Thursday, August 24, 2006
getting over negative thinking and neg comments
Feeling like crap today, got a chest cold or something. I tried to work it off by working out all week but it's not working. My bio teacher was saying something about that it would make sense to keep working out due to getting your lymph system drainage going or some other stuff like that but sometimes you just gotta slow down! I think since I've joined the ymca 3 mo. ago I have been sick like 3 times! Must be a lot of germs there, so gotta remember to be careful and clean with the towels and spray first! Pain in the b*tt. Whose working out when their real sick anyway? HHHmmmppphhh! I wanted to try yoga tonight or go swimming but i'm not going as I don't want to pass this bug along.

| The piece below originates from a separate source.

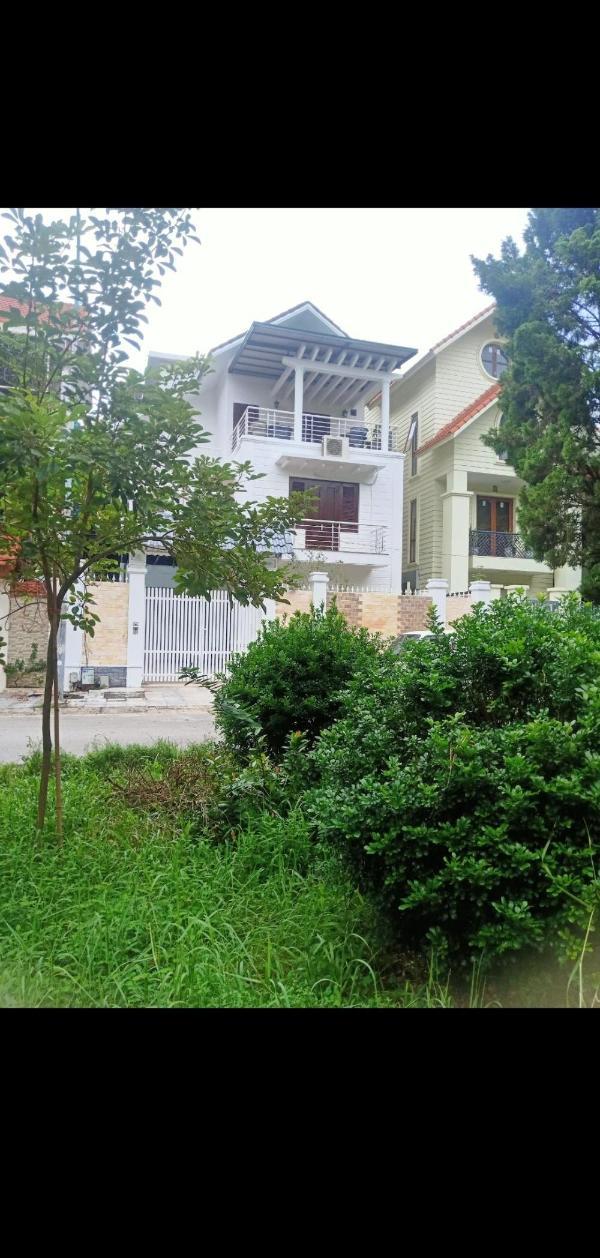 Biệt thự đẳng cấp: kđt xa la 🏚️ -hà đông - nội thất cao cấp - phân lô - vỉa hè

Just a note about negative comments from others. I have enough neg. comments in my head! One was just a negative about my sister thinking she can't continue this ww journey with me or maybe just her fear that she will quit as always. She says stress does her in when teaching begins in the next week or so. That was her same comments until school was out in June so I'm thinking this is an all year thing. I know their just excuses and failing to plan and do other things w/ stress than eating but we'll see if she folds this time. I really want her on this journey cause her health is being affected, from serious varicose veins, to problems w/ her feet, etc. I really hope she's ready to do it. Another comment was from my close friend from childhood, when I was talking about wanting to lose weight a few months ago. She said 'you may always be overweight'. Ok, could be true but I'm not buying into that mentality. I still have hope that this can be beaten or at least managed. I'm not going to be one of the those old ladies who can hardly walk due to weight issues. no way!!! Maybe this comments actually partially fueled me into doing something about my wt for once and for all. Or maybe it's that I've tried to lose wt several times and didn't get past 20 usually and best feat was 35 lbs. I hope to break thru that 35lbs barrier and create new milestones. Hope everyone is doing well on their individual journeys!